Our second feature for the issue describes an initiative to promote screening for hepatitis B and C virus infection. Results of the 2-year initiative, led by a team from the Schiff Center for Liver Diseases at the University of Miami Miller School of Medicine in Florida, raise serious questions about how best to encourage high-risk populations to participate in screening initiatives and, further, how to encourage those persons who screen positive for hepatitis infection to seek appropriate medical care.

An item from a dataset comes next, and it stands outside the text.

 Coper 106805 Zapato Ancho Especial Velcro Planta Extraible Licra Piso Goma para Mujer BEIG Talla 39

Again on the topic of measures, we follow up a column on measuring structural damage in Crohn’s disease, which appeared in the February 2013 issue of Gastroenterology & Hepatology, with a column by Dr. Jean-Frédéric Colombel, currently at the Icahn School of Medicine at Mount Sinai in New York City, on measuring disability in IBD. Although the measurement tools being developed are applicable to the research setting, awareness about how to appropriately assess disability in the clinical setting will raise the bar on care and perhaps increase patient satisfaction with care, according to Dr. Colombel.

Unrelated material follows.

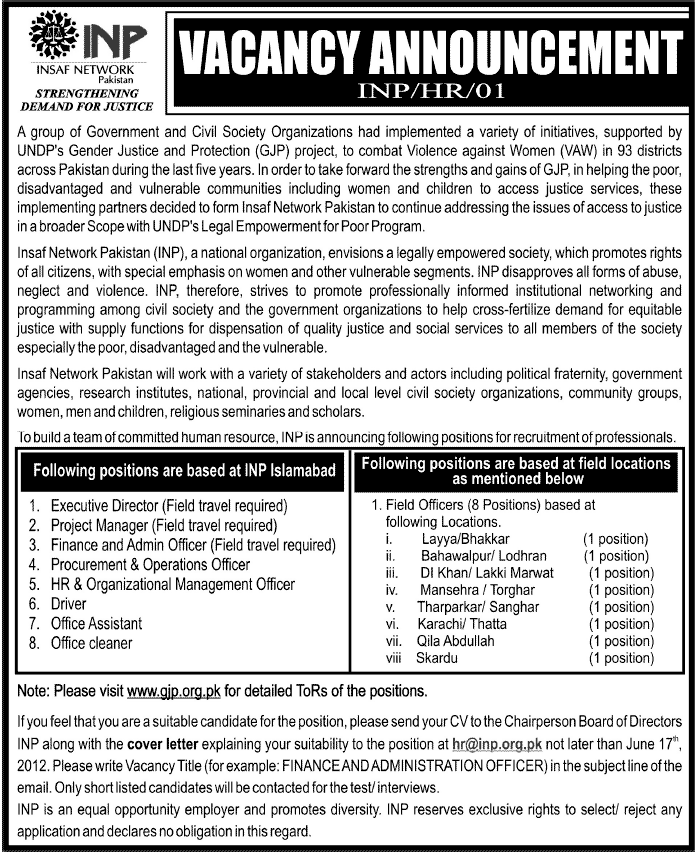 Executive and Management Jobs at INSAF Network Pakistan (INP)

Additional columns in this month’s issue include an overview of gastroesophageal reflux disease–related chronic cough by Dr. Ryan D. Madanick of the University of North Carolina School of Medicine in Chapel Hill; clinical pearls on the prevention and management of ribavirin-associated anemia in patients receiving triple therapy for hepatitis C virus infection by Dr. A. Sidney Barritt IV, of the University of North Carolina at Chapel Hill; and insights on the resect-and-discard strategy for management of small and diminutive colonic polyps by Dr. Franco Radaelli, of Valduce Hospital in Como, Italy. A case study of a rare presentation of an inflammatory fibroid polyp of the esophagus is presented as well as a literature review of the ULTRA 2 trial results. This trial led to the recent US Food and Drug Administration approval of adalimumab for the treatment of ulcerative colitis. A brief commentary on the trial findings is given by Dr. Asher A. Kornbluth of the Icahn School of Medicine at Mount Sinai in New York City.

Also note that the website for Gastroenterology & Hepatology has been updated and can be accessed at https://www.gastroenterologyandhepatology.net. Full access to
each issue is provided. Access is free, but login is required.

May the information and insights provided herein help you advance the specialties of gastroenterology and hepatology.